>>>>>
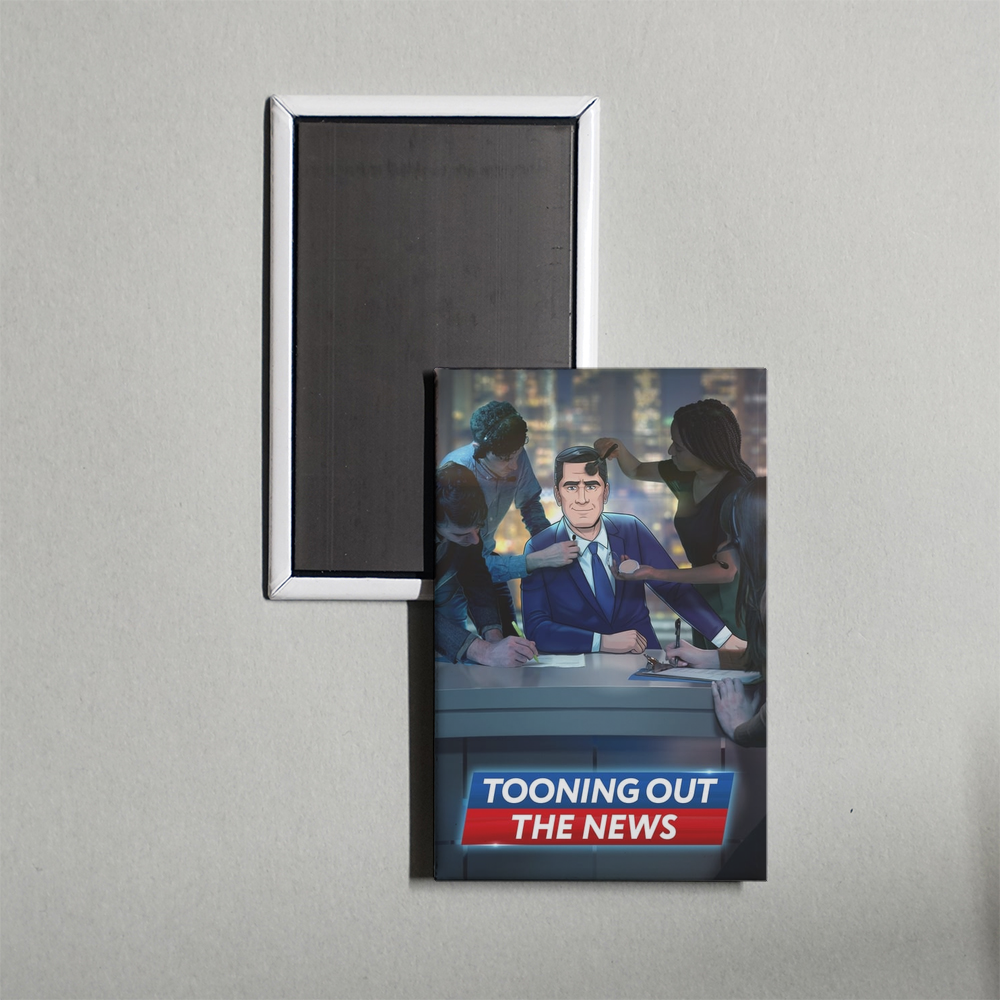 Tooning Out the News TV Show Fridge Magnet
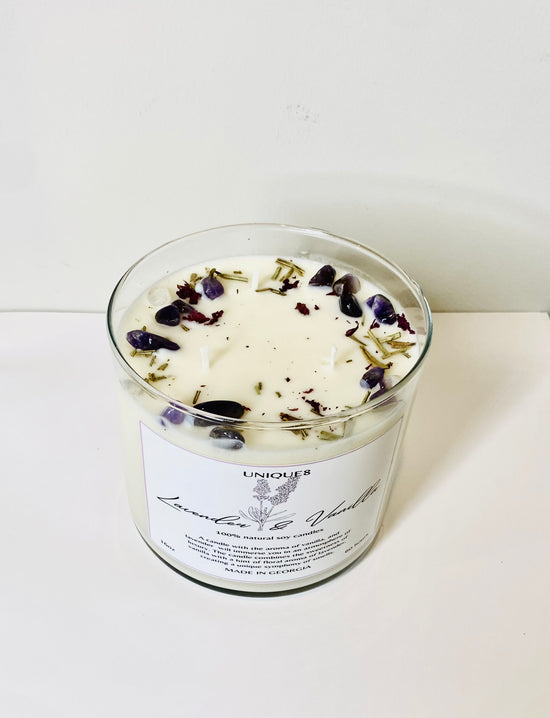 Lavender and Vanilla 3 Wick Scented Soy Candle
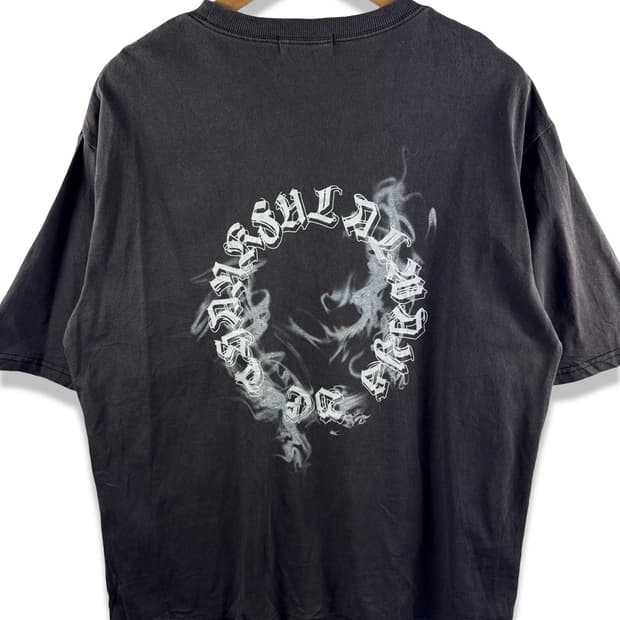 JPN 레터링 스모크 반팔티셔츠2585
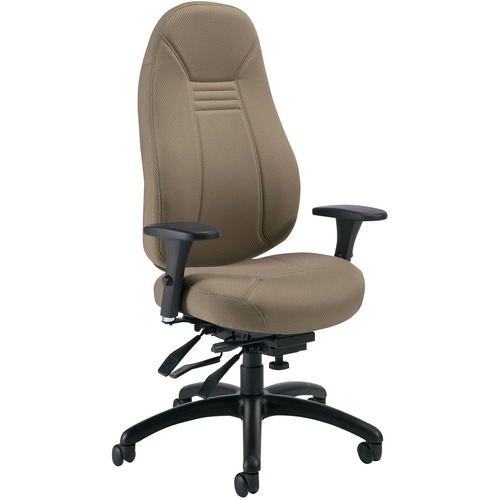 Global ObusForme Comfort High Back Multi-Tilter - Haze Seat - Haze Back - High Back - 5-star Base - Armrest - 1 Each - High Back - GLB377010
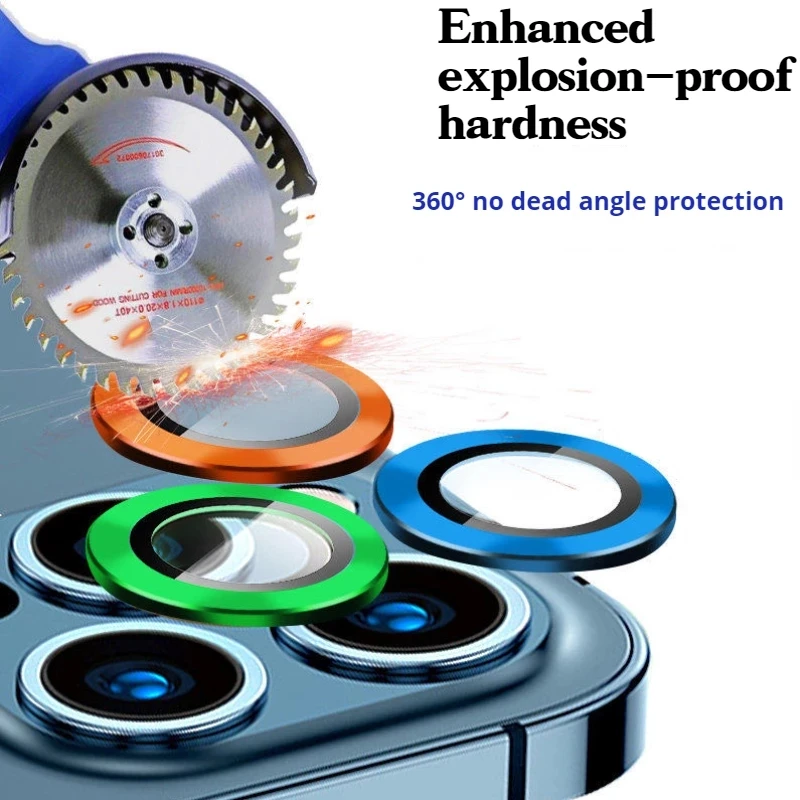 Wholesale Cell Phone Camera Lens Tempered-glass Screen Protectors For iphone 14 max Luminous Protector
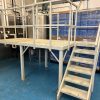 Steel mezzanine / platform 5 ft x 10 ft
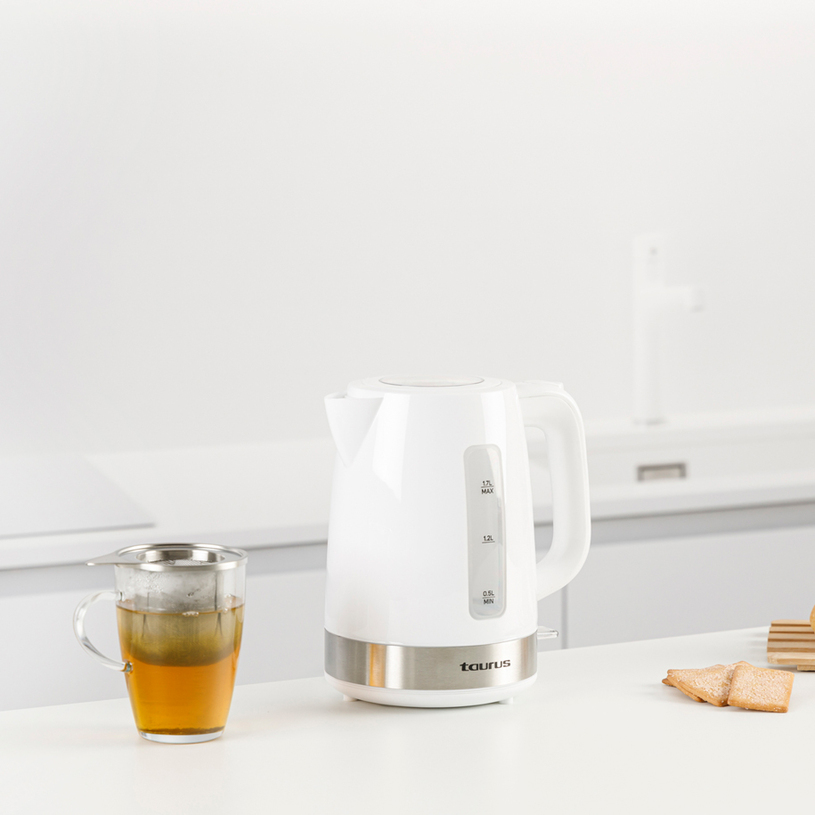Removable limescale filter and anti-drip spout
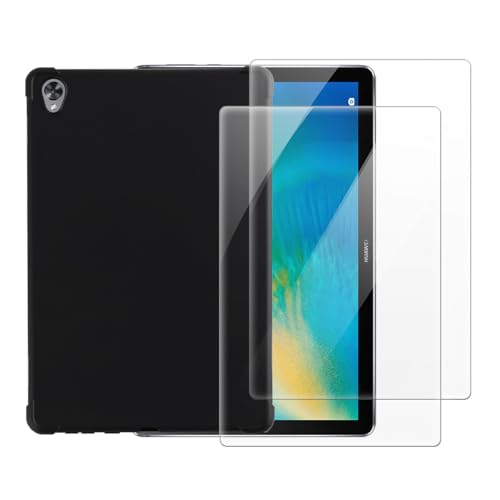 Funda para Huawei MatePad 10.8 2020 con cristal templado negro de protección integral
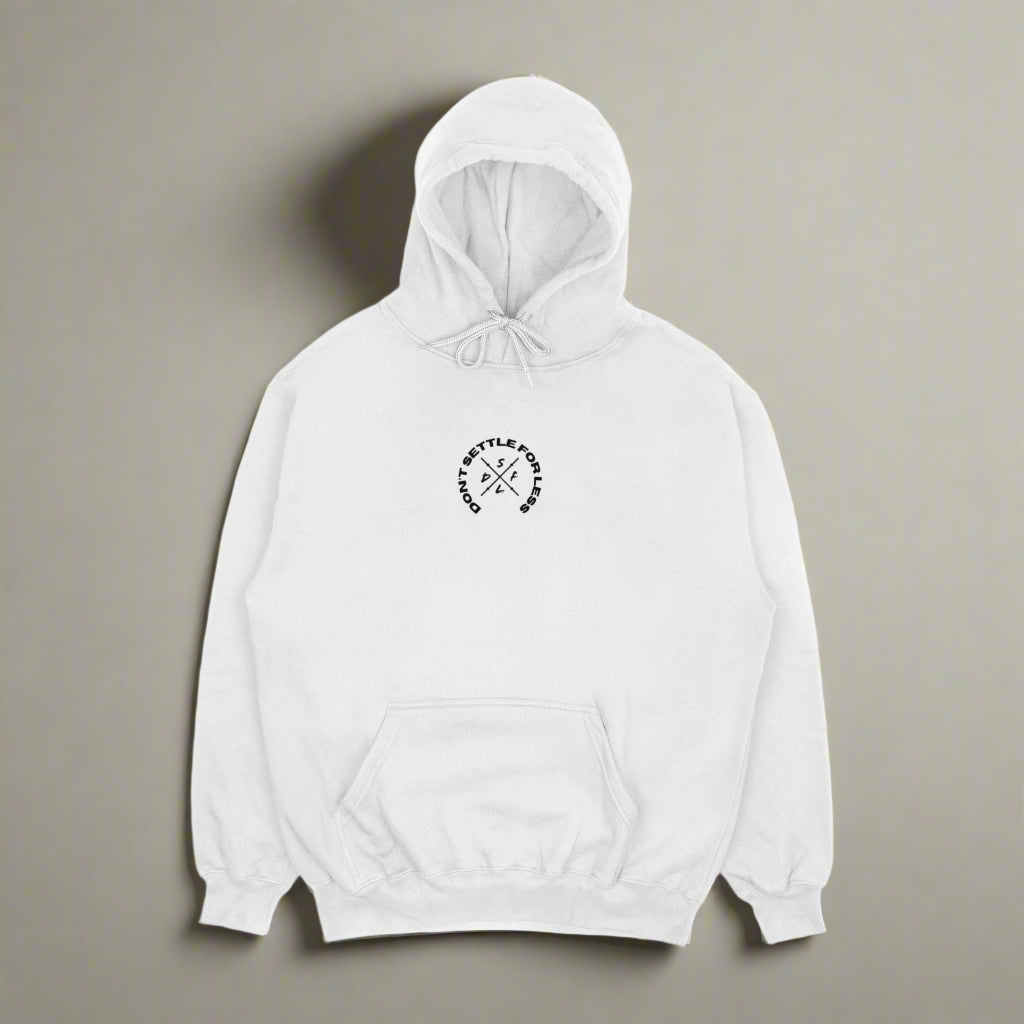 White Skull No gym No life hoodie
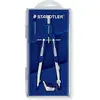 Bild von Staedtler Schnellverstellzirkel Mitteltriebsspindel, Stifthalter, Zirkel, Silber, Blau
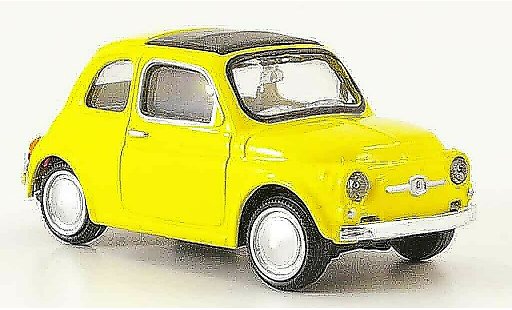 Fiat 500 Nuova 1/43 Mondo Motors yellow 1957 diecast model cars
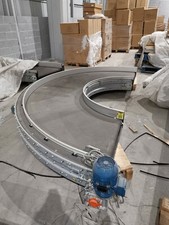 REDUCED: 90cm Wide 180 Degree Turn Conveyor Belt YOM 2016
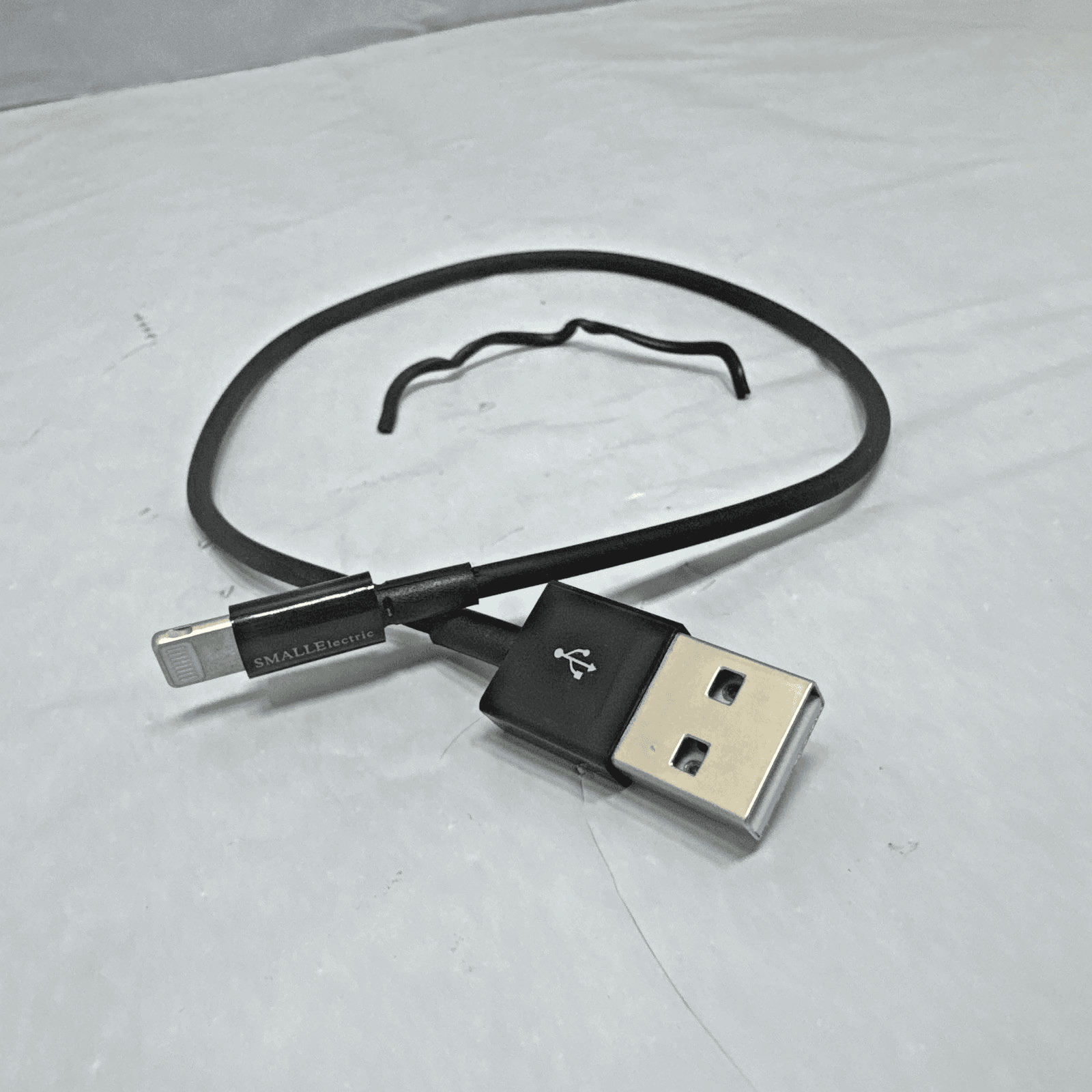 USB-A to Micro USB Charging Cable, Black 7-in Long - Thumbnail 2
<<<<<
Task objective | Your task is to repeat only the lines from the line containing "Bild von Staedtler" through the final line of the material, inclusive; do not include pictures.

Reply to the exercise |
 Bild von Staedtler Schnellverstellzirkel Mitteltriebsspindel, Stifthalter, Zirkel, Silber, Blau
 Fiat 500 Nuova 1/43 Mondo Motors yellow 1957 diecast model cars
 REDUCED: 90cm Wide 180 Degree Turn Conveyor Belt YOM 2016
 USB-A to Micro USB Charging Cable, Black 7-in Long - Thumbnail 2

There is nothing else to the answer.